The pair held a video call last month with consul general Madame Zhang Meifang.
A report of the meeting was published in the Irish News on Tuesday.
The ministers allegedly said they "understand and respect" Hong Kong's new security law imposed by China.
But Mrs Foster said her position on Hong Kong was the same as the UK government's, while deputy first minister Michelle O'Neill tweeted that she made it clear that she "supported the 'One Country, Two Systems' international agreement".
Under that, China agreed to give the region a high degree of autonomy and to preserve its economic and social systems for 50 years from the date of the handover in 1997.
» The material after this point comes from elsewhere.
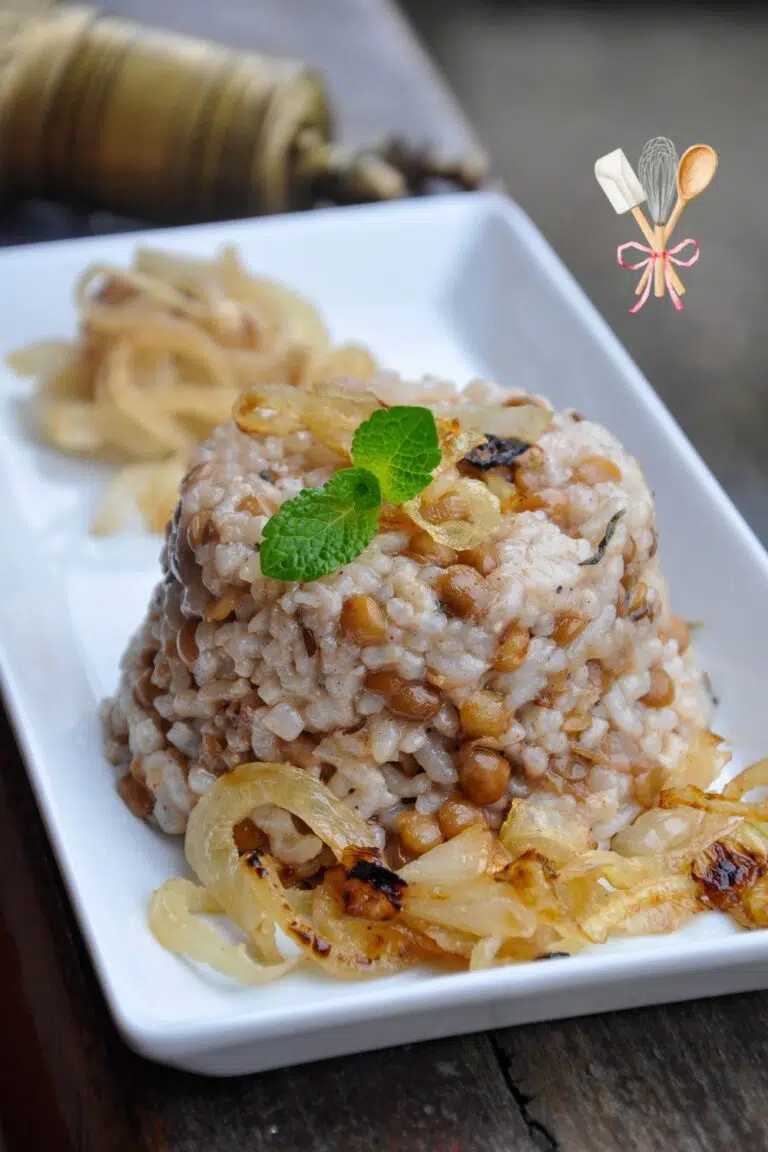 orez cu linte si ceapa caramelizata Mujadarah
Last month, UK Foreign Secretary Dominic Raab said the Hong Kong's security legislation "constitutes a clear and serious breach" of the Joint Declaration between Britain and China of 1984, violating "the high degree of autonomy of executive and legislative powers and independent judicial authority" for Hong Kong that had been agreed.
However, in a tweet posted on Tuesday, Mrs Foster said "the article in today's press misrepresents what was said at our meeting with the Chinese Consul General".
"I will be writing to Madame Zhang to underscore my disappointment."
The new security laws, which give the Chinese state new powers over the city, have drawn widespread international condemnation.
Human rights organisation Amnesty International called on the executive to publish its own notes of the meeting.
It is understood others involved in the meeting also included senior civil servant Andrew McCormick.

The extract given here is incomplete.